Islam é uma palavra árabe que deriva de salam, isto é paz, e seu significado é submissão de livre e espontânea vontade a Deus. Os seguidores do Islam são os muçulmanos, cujo significado é crente. Portanto chamar  muçulmano de maometano dá a falsa conotação  de que estes são adoradores de Maomé, o que não é verdadeiro, uma vez que os muçulmanos só adoram a Deus Único e, Allah não é o Deus dos muçulmanos, e sim a palavra árabe que significa Deus.

Para quem conhece minimamente a religião islâmica sabe que não existe o conceito de guerra santa. O profeta Muhammad (s.ws) deixou em seus ensinamentos dois conceitos de jihad, o grande e o pequeno jihad.

O primeiro se manifesta seguindo os  princípios  dialéticos, segundo os quais tudo se movimenta, tudo se transforma e tudo se relaciona. Esta luta se dá no aspecto físico, quando milhões de células do nosso corpo nascem e outros milhões morrem, assim o corpo está sempre se renovando. No aspecto metafisico é a luta travada entre o espirito e a matéria.

Sendo o desejo uma inclinação do corpo e, a vontade uma deliberação da razão, podemos traduzir o grande jihad como a luta permanente entre a razão e o instinto.

A obediência a Deus e aos ensinamentos do profeta, levam o crente  fazer uso da razão, dominando seus instintos num esforço continuo pela causa de Deus. Sendo esta causa: promover a justiça, a paz, praticar o bem, a caridade, o amor e o respeito ao próximo.

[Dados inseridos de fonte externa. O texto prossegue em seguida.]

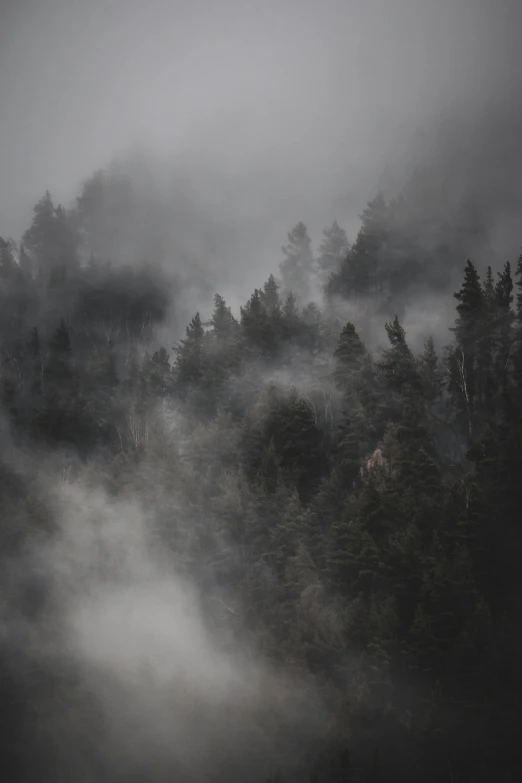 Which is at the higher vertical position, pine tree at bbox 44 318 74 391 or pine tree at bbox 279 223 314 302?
pine tree at bbox 279 223 314 302

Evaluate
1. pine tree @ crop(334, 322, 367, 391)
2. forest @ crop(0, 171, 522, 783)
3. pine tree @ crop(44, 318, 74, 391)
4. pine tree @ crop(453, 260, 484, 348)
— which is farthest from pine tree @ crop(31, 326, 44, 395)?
pine tree @ crop(453, 260, 484, 348)

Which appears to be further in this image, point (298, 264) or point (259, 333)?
point (298, 264)

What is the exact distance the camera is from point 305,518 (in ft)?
132

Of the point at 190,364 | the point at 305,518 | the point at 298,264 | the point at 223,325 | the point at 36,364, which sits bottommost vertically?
the point at 305,518

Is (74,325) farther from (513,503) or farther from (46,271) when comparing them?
(513,503)

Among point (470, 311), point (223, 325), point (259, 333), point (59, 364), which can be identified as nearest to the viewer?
point (470, 311)

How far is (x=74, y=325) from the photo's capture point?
72750 mm

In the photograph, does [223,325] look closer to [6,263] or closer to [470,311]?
[470,311]

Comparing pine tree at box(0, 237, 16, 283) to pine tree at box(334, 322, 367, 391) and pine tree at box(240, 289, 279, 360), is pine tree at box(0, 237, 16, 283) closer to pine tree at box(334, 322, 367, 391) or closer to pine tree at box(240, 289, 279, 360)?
pine tree at box(240, 289, 279, 360)

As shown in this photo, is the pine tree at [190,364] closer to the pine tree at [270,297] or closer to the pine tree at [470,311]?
the pine tree at [270,297]

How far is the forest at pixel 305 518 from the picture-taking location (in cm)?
3158

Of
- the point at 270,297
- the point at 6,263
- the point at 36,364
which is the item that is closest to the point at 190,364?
the point at 270,297

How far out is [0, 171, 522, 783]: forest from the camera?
3158 cm

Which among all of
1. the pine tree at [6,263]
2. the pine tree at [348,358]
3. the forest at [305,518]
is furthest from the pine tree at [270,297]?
the pine tree at [6,263] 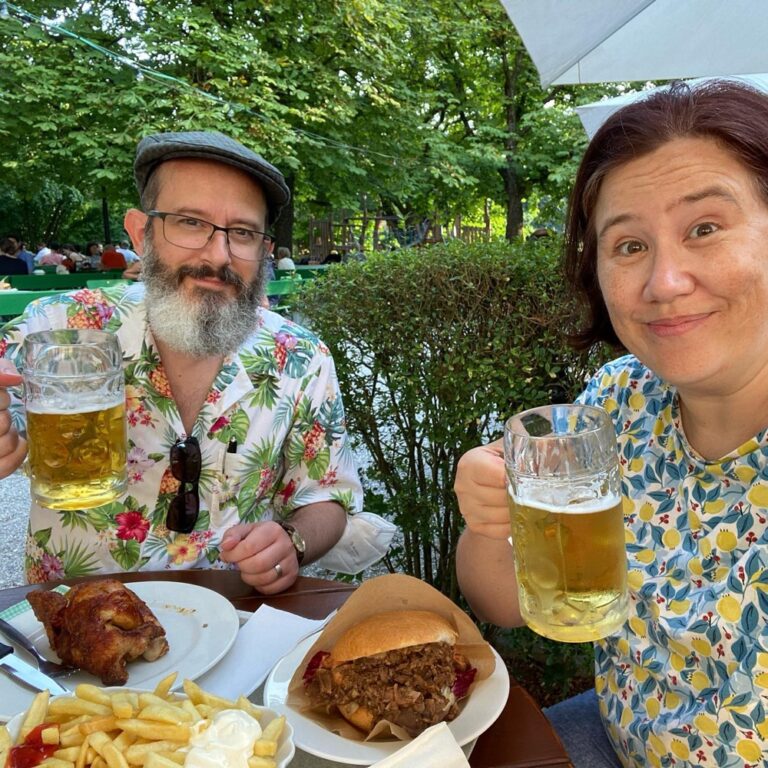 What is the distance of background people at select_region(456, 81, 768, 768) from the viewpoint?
1.38 metres

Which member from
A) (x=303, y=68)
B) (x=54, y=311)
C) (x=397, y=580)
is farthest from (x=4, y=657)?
(x=303, y=68)

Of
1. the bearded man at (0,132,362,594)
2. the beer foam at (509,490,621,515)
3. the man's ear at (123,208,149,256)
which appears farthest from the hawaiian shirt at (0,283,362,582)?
the beer foam at (509,490,621,515)

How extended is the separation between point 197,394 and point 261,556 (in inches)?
31.7

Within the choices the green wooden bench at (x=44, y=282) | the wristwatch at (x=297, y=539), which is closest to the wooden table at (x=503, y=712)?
the wristwatch at (x=297, y=539)

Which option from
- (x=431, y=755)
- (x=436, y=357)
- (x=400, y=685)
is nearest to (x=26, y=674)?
(x=400, y=685)

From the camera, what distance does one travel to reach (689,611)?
151cm

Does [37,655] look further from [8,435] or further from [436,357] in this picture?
[436,357]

Quanto ao pequeno jihad, que é a gerra propriamente dita só se aplica em caso de defesa, ou seja caso o povo muçulmano esteja sendo atacado e também se estiver sendo impedido de praticar sua religião, como foi o caso do episódio conhecido como a revolta dos malês acontecido em Salvador -BA, no ano de 1835.

Os atentados que acontecem pelo mundo atualmente são por motivos políticos, nada tendo a ver com a a religião islâmica. Seu autores são sim muçulmanos, mas há que se separar o Islam como doutrina religiosa e os seus falsos seguidores.

A maioria dos países onde há conflitos são de sociedades tribais, cuja a ausência de partidos políticos e da sociedade civil organizada acaba facilitando o surgimento de grupos radicais que lutam para assumir o poder.

Claro que não há santos nestas guerras, mas grande parte da responsabilidade e culpa por elas estarem acontecendo cabe as potências imperialistas, que protegem aliados tiranos, a maioria corruptos que oprimem e massacram o povo tirando-lhes o direito de usufruir das riquezas do país.

Independentemente das aleivosias assacadas contra o Islam e contra os muçulmanos, o Islam continua sendo a religião que mais cresce no mundo e, aqueles que tornam-se muçulmanos com o firme propósito de servir a Deus, saberão sempre distinguir a verdade do erro e continuarão empreendendo seus esforços na luta pela causa de Deus.